== SUPPLIED MATERIAL

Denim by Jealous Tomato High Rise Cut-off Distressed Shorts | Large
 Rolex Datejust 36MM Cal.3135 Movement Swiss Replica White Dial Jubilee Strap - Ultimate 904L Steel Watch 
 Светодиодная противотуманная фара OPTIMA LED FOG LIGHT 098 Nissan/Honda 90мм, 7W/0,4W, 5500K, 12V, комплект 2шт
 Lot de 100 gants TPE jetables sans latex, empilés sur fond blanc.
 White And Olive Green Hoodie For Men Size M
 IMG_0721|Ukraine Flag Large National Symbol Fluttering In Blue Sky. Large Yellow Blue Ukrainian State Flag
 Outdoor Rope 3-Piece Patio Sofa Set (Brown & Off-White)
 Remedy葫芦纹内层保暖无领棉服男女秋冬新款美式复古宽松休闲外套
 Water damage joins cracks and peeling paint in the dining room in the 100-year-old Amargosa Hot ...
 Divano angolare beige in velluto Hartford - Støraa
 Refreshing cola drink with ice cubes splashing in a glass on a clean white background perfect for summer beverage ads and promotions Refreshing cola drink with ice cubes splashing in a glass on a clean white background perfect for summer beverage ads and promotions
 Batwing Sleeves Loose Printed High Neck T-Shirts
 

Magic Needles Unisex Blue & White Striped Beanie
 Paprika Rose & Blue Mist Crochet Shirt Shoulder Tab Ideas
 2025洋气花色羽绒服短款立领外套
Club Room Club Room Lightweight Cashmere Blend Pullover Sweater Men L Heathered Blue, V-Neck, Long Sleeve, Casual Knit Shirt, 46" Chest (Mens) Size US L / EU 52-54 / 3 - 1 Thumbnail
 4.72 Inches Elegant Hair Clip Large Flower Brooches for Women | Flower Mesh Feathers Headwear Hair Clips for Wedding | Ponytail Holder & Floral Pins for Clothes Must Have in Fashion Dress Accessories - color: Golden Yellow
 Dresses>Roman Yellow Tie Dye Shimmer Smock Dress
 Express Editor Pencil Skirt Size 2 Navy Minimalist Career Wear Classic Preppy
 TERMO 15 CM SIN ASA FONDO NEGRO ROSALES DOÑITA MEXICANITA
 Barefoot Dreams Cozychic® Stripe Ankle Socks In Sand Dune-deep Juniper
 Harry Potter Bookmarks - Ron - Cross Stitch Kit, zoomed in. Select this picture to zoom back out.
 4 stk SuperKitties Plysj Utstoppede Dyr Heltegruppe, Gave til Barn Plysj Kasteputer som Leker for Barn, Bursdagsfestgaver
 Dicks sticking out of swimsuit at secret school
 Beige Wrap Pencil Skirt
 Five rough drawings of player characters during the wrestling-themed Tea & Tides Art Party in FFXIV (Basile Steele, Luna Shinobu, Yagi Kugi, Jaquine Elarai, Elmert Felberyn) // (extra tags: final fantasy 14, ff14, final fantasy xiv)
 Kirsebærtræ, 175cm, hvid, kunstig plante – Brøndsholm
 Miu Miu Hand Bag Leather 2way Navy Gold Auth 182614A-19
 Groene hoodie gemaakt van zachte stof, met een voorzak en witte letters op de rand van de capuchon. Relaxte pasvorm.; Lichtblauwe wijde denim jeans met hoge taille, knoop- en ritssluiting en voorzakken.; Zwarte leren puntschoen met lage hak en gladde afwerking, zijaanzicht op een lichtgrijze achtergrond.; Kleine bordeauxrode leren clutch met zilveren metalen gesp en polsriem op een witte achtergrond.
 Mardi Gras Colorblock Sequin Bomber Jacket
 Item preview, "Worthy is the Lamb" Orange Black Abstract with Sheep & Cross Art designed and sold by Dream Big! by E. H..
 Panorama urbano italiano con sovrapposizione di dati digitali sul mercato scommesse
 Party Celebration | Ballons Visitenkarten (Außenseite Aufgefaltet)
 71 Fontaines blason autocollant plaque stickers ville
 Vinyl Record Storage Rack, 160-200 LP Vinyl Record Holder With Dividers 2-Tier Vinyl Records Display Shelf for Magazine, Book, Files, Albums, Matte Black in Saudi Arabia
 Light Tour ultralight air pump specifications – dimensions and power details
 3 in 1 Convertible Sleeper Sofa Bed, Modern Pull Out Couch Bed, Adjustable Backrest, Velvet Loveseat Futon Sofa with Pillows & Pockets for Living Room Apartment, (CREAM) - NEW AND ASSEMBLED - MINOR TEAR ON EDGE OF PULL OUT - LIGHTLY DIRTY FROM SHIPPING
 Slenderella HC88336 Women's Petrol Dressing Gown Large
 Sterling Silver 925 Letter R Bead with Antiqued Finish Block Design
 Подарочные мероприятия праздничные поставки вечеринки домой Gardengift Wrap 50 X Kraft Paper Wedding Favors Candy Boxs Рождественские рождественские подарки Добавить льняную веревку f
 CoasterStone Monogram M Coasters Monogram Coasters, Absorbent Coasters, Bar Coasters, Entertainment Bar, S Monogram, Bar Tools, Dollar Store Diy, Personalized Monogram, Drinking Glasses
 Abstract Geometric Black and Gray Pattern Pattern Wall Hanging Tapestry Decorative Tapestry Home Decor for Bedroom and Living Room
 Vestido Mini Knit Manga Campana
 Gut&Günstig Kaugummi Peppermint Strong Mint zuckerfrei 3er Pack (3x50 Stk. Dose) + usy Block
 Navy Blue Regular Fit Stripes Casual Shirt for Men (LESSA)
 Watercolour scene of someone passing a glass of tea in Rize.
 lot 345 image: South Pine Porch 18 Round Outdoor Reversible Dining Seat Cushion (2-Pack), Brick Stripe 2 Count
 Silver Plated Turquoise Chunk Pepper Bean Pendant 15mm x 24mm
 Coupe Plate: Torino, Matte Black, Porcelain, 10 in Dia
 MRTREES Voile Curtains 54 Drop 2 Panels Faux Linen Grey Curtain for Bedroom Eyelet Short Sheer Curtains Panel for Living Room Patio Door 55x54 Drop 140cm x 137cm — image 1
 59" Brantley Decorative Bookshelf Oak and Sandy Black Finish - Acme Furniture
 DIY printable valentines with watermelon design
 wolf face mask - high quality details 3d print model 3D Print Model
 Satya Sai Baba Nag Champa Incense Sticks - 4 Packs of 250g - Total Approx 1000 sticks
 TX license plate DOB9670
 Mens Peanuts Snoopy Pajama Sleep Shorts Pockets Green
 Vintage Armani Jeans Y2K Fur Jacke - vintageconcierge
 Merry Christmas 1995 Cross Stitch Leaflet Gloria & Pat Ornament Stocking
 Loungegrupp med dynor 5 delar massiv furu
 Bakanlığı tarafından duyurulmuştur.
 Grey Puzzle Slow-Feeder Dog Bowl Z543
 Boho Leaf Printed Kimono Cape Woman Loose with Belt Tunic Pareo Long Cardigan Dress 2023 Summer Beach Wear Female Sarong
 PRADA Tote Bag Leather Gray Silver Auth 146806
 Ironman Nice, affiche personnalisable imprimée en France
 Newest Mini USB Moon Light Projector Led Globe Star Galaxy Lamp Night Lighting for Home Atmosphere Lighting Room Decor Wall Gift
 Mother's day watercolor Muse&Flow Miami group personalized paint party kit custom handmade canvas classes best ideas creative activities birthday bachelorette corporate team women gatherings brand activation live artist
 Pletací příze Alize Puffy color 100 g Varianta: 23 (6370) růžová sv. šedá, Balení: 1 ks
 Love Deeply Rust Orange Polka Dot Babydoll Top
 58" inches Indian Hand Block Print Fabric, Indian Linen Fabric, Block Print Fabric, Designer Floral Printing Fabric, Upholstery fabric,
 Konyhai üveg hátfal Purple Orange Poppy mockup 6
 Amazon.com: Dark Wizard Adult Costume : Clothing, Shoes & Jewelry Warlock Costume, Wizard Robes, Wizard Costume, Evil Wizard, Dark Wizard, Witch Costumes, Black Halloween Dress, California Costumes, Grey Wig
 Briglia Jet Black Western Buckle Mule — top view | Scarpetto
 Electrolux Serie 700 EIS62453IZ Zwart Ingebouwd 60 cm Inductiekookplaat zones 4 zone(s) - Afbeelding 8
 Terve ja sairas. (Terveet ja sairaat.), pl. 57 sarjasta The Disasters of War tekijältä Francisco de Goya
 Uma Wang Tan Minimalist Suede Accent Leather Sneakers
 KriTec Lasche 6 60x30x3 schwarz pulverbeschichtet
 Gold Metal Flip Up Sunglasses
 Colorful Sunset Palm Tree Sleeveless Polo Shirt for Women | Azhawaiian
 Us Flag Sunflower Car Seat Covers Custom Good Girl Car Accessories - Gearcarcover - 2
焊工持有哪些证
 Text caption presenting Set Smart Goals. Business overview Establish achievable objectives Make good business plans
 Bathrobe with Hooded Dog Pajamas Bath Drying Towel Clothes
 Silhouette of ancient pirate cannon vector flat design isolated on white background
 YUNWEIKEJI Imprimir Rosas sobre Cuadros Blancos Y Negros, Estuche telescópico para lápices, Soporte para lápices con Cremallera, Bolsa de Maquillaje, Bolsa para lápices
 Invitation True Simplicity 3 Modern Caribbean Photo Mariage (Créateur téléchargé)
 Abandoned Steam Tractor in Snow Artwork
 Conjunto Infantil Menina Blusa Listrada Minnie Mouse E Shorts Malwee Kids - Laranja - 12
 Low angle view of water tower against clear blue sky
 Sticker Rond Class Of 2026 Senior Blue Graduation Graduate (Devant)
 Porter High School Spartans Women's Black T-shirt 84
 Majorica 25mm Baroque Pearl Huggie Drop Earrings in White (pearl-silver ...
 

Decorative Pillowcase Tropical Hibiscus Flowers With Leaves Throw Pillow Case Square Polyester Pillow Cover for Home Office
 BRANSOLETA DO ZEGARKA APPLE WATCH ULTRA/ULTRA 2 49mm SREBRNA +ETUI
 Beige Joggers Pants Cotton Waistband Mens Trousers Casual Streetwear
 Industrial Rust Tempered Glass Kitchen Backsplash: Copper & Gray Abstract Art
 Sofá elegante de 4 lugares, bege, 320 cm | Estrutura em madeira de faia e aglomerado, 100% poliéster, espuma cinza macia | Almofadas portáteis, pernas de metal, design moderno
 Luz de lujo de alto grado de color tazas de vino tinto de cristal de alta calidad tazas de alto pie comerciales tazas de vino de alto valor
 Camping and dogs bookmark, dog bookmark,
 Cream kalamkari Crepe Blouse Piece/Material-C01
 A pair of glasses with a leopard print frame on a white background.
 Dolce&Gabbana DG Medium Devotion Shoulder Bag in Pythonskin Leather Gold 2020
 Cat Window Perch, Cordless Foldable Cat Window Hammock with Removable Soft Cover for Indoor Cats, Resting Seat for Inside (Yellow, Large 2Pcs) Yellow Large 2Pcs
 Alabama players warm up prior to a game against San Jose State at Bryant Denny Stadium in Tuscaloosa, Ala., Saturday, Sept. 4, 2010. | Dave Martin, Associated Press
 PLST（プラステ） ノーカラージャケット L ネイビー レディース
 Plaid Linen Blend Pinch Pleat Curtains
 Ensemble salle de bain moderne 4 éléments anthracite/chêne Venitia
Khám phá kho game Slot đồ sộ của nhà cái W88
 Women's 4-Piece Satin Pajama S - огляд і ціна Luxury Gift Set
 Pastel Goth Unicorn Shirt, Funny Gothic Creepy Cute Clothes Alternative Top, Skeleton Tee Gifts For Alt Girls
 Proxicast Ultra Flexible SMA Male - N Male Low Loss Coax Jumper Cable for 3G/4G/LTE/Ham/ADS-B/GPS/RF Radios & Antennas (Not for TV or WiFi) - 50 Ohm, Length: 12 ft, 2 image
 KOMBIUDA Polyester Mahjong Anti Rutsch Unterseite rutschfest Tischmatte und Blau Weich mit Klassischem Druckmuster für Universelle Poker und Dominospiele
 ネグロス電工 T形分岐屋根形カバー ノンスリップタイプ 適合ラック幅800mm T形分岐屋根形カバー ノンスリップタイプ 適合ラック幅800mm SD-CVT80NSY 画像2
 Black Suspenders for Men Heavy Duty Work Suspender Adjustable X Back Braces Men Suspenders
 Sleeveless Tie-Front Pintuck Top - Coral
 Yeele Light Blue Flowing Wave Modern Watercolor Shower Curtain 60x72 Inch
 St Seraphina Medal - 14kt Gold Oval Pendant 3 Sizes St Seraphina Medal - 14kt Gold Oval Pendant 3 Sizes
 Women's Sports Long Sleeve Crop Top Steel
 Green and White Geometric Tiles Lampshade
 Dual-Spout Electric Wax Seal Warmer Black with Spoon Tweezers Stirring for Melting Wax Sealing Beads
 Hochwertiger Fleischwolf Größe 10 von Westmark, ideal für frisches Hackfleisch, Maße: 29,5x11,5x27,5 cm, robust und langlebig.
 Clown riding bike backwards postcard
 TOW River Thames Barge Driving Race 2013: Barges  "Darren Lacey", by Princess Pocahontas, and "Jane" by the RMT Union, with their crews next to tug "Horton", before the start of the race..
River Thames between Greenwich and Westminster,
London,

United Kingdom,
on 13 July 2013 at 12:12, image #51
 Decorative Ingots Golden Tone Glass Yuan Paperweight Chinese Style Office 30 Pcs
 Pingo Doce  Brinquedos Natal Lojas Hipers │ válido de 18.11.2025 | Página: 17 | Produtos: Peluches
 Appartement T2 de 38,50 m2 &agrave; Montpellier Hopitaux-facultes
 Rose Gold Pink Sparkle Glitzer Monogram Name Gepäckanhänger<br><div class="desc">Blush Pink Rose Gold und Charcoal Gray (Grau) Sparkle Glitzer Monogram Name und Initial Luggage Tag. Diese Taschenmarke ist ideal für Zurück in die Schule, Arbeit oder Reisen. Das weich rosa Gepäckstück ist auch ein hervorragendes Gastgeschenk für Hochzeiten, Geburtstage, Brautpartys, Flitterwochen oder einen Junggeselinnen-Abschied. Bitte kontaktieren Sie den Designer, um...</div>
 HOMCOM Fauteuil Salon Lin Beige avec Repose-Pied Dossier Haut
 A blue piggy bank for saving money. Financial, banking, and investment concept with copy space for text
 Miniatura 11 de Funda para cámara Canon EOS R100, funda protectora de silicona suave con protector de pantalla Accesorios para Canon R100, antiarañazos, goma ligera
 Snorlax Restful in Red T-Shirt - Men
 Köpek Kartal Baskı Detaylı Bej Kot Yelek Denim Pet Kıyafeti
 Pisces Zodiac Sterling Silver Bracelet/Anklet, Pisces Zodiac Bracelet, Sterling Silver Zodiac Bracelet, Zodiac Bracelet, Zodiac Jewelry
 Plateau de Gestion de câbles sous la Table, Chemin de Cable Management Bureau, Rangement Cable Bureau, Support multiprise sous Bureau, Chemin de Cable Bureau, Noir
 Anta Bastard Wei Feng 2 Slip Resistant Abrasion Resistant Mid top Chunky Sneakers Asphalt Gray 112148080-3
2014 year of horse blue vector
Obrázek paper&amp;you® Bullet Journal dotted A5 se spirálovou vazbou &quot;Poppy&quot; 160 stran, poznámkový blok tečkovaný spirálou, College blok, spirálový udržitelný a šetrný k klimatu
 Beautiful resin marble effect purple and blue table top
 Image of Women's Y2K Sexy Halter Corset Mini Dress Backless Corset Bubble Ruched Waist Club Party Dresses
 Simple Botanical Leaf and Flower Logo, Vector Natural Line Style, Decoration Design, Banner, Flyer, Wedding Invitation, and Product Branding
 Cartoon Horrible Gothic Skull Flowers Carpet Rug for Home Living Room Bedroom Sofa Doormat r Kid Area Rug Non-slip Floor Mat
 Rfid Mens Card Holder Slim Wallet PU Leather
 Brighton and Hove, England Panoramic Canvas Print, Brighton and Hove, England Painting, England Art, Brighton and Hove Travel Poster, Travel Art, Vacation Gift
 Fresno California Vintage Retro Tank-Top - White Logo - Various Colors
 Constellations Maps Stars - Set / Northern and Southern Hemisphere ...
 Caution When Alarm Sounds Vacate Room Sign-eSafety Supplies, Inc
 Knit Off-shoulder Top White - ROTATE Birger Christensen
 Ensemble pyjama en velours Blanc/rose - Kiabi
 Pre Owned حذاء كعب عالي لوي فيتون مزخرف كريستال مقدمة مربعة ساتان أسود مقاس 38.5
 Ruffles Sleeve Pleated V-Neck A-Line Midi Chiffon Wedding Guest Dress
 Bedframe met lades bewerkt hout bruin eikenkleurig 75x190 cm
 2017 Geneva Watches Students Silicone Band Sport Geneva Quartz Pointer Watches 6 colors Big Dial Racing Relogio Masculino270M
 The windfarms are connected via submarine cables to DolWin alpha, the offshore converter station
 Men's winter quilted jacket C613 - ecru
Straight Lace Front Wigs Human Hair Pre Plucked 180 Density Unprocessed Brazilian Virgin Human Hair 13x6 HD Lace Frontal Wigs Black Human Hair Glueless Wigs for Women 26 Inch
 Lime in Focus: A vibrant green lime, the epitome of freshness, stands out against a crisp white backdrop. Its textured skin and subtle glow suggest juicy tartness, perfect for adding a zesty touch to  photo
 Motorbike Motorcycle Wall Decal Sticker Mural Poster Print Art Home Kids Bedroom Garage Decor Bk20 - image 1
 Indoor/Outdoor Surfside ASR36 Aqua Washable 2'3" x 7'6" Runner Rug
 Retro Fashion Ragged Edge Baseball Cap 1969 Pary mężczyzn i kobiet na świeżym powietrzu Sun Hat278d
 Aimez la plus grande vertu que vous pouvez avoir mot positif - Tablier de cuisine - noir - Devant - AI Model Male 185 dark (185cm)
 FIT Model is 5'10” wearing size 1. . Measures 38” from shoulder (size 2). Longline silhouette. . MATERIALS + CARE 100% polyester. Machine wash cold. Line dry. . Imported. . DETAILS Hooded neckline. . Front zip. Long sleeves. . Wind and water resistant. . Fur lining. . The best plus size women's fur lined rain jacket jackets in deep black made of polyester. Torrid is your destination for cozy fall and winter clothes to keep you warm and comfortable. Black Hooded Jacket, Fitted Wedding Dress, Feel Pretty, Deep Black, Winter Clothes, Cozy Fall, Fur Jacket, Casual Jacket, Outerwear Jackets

====

• _TASK DETAILS_: Within the listing above, the range opens at the line with "3 in 1 Convertible" and closes at the line with "Sterling Silver 925". Reproduce exactly the lines of that range, including both ends.

• _RESPONSE_:
 3 in 1 Convertible Sleeper Sofa Bed, Modern Pull Out Couch Bed, Adjustable Backrest, Velvet Loveseat Futon Sofa with Pillows & Pockets for Living Room Apartment, (CREAM) - NEW AND ASSEMBLED - MINOR TEAR ON EDGE OF PULL OUT - LIGHTLY DIRTY FROM SHIPPING
 Slenderella HC88336 Women's Petrol Dressing Gown Large
 Sterling Silver 925 Letter R Bead with Antiqued Finish Block Design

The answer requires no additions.